Yes, it would mean that x=c, but that does in no way imply that [itex]\varepsilon=0[/itex]. Look. I'll just rewrite everything so hopefully it makes sense now.

Let c be an isolated point of A. Then there exists a [itex]\delta>0[/itex] such that the interval [itex](c-\delta,c+\delta)[/itex] contains no other points of A besides c.

Let x be in A and [itex]\varepsilon>0[/itex]. Then [itex]|x-c|<\delta[/itex] implies that x is in the interval [itex](c-\delta,c+\delta)[/itex]. This means x=c because there are no others points of A in that interval. This implies that [itex]|f(x)-f(c)|=|f(c)-f(c)|=0<\varepsilon[/itex] for absolutely any [itex]\varepsilon>0[/itex] you choose. Therefore, f is continuous at c.

 

[dancergirlie]

Oh it makes sense, I was thinking that implied that epsilon equals zero, when it was just that |f(x)-f(c)|=0 which would be less than any epsilon greater than zero... thank you so much for your help, i really appreciate it!

 

[n!kofeyn]

Good! No problem for the help. This problem is subtle, so I'm glad it makes sense now.

 

[tiny-tim]

I understand that I can find a delta for any specific epsilon …

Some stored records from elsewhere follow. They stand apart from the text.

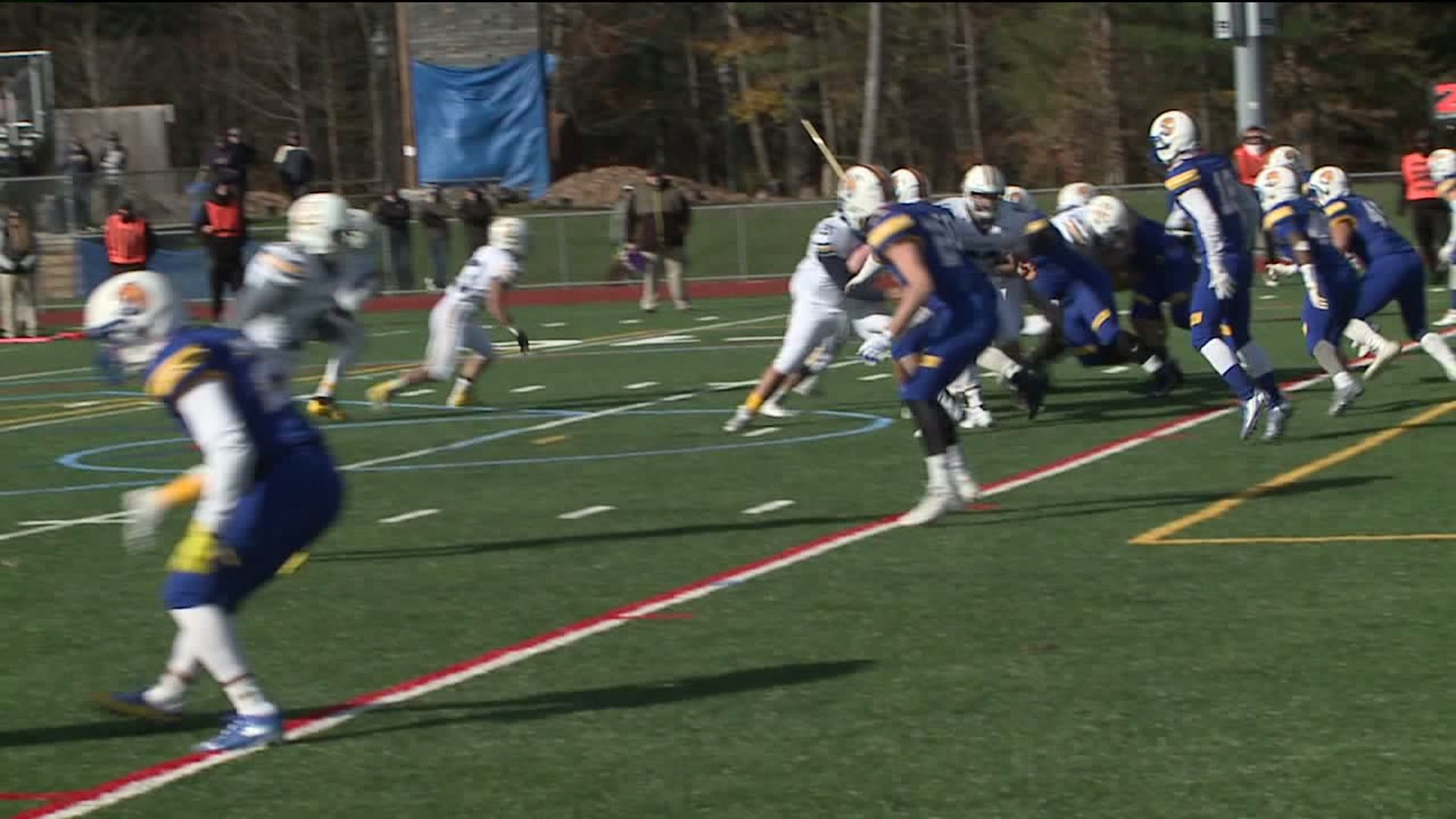 Lycoming Tops Misericordia 21-14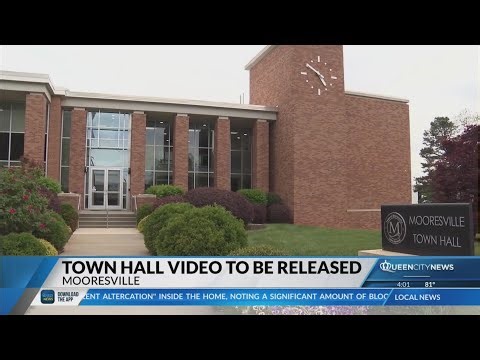 Mooresville expected to release town hall video of pantless mayor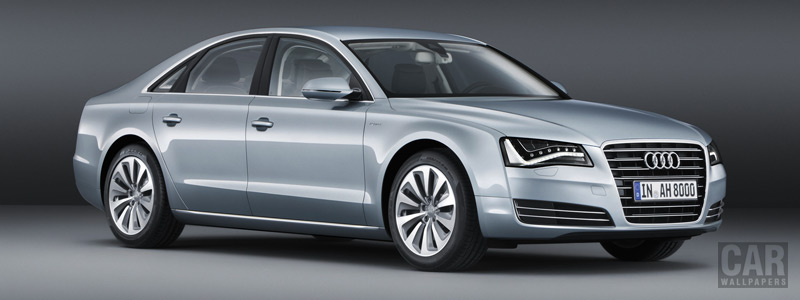 Cars wallpapers Audi A8 hybrid - 2011 - Car wallpapers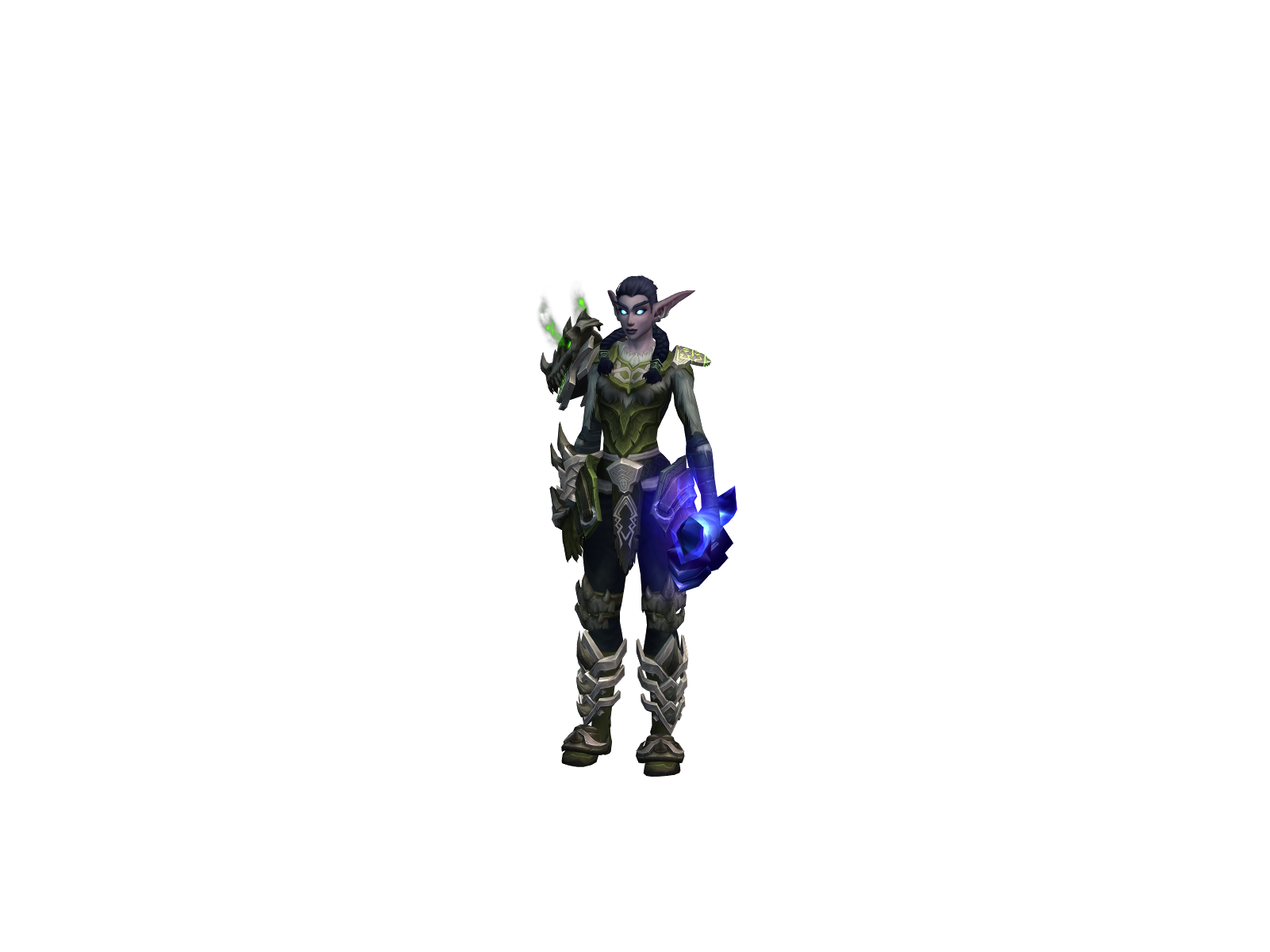 Civxx 3D character render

ok, then find it for ε = 2009

… but how am I supposed to phrase that in my proof for an arbitrary epsilon?

well, for example, if you can use the same δ for every ε, that would do it, wouldn't it?

 

[HallsofIvy]

Take [itex]\delta[/itex] to be less than the distance from closest point in the domain of f other than c. There are no points in the domain of f such that [itex]0< |x-c|< \delta[/itex] so the hypothesis, "if [itex]0< |x-c< \delta[/itex]" is always false. If the hypothesis of a statement is false then the statement is _____.